Le mauvais climat des affaires qui règne dans l’Illinois continue d’impacter négativement l’emploi, surtout industriel, alors que 25 personnes se retrouvent à bénéficier des Food Stamps pour chaque poste créé dans l’industrie. L’Illinois est le seul État du Midwest à avoir ajouté plus de personnes sur la liste des bénéficiaires des Food Stamps que de travailleurs sur les registres du personnel des sociétés depuis la grande récession. Les pertes d’emploi de la grande récession ont eu lieu entre janvier 2008 et janvier 2010. Depuis, les états ont disposé de 5 ans et demi pour se redresser.

Durant la reprise ayant suivi la grande récession, la région de Lincoln a enregistré un nombre supérieur de demandes de Food Stamps que d’embauches. En Illinois, pour 4 personnes qui ont trouvé un emploi, 5 bénéficiaient des Food Stamps.
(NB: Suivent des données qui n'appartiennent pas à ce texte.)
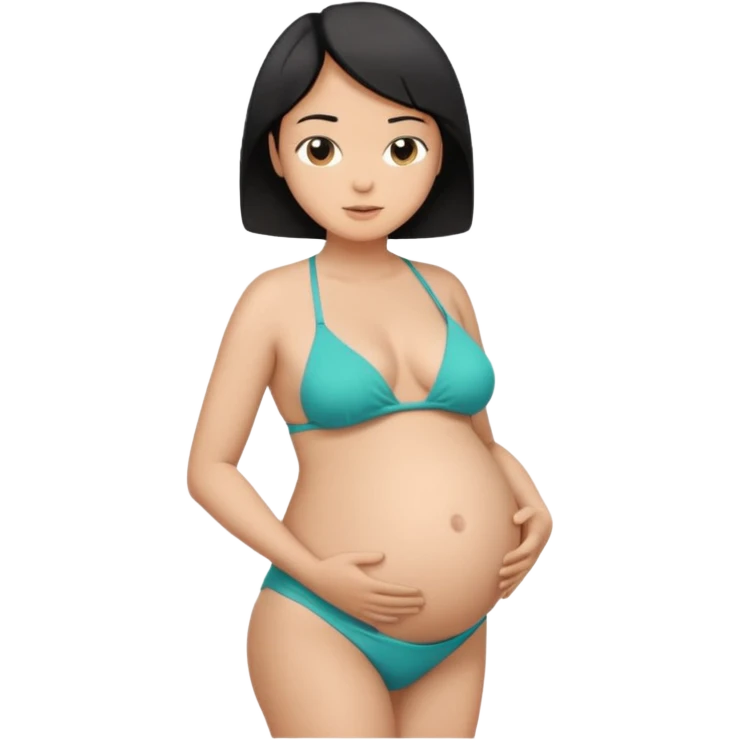 pregnant man with short black hair in a bikini holding his belly  emoji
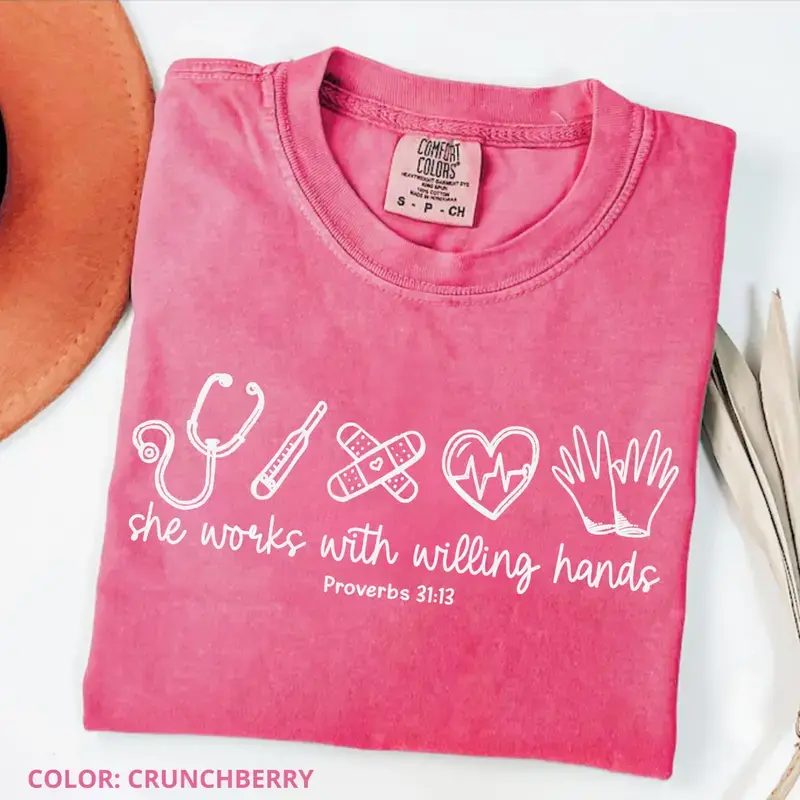 1202 SOUTH CLOTHING Tee for Christian Nurses, Vintage Comfort Colors Graphic, Soft Breathable Cotton Fabric, Aesthetic Everyday Wear, Hoodie, Casual, Sweatshirt, Shortsleeve, Round Neck, Crew Neck, Fit, Basic, Casual Wear, Printed, T-Shirt, Top, Women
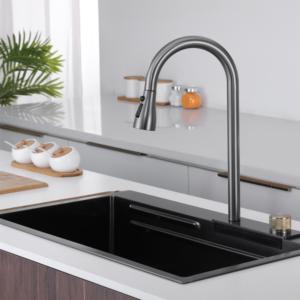 뜨거운 판매 단일 그릇 기능성 304 블랙 스테인레스 스틸 언더마운트 수제 주방 싱크 - Product Image 2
Dans tous les autres états du Midwest, les embauches furent bien supérieures aux demandes de Food Stamps durant la reprise. En fait, dans tous les autres états de la région, les créations d’emplois dépassent largement les demandes d’assistance alimentaire. Mais durant la reprise l’Illinois a enregistré un nombre de demandes de Food Stamps supérieures à toutes les demandes des autres états du Midwest réunis ! (…) »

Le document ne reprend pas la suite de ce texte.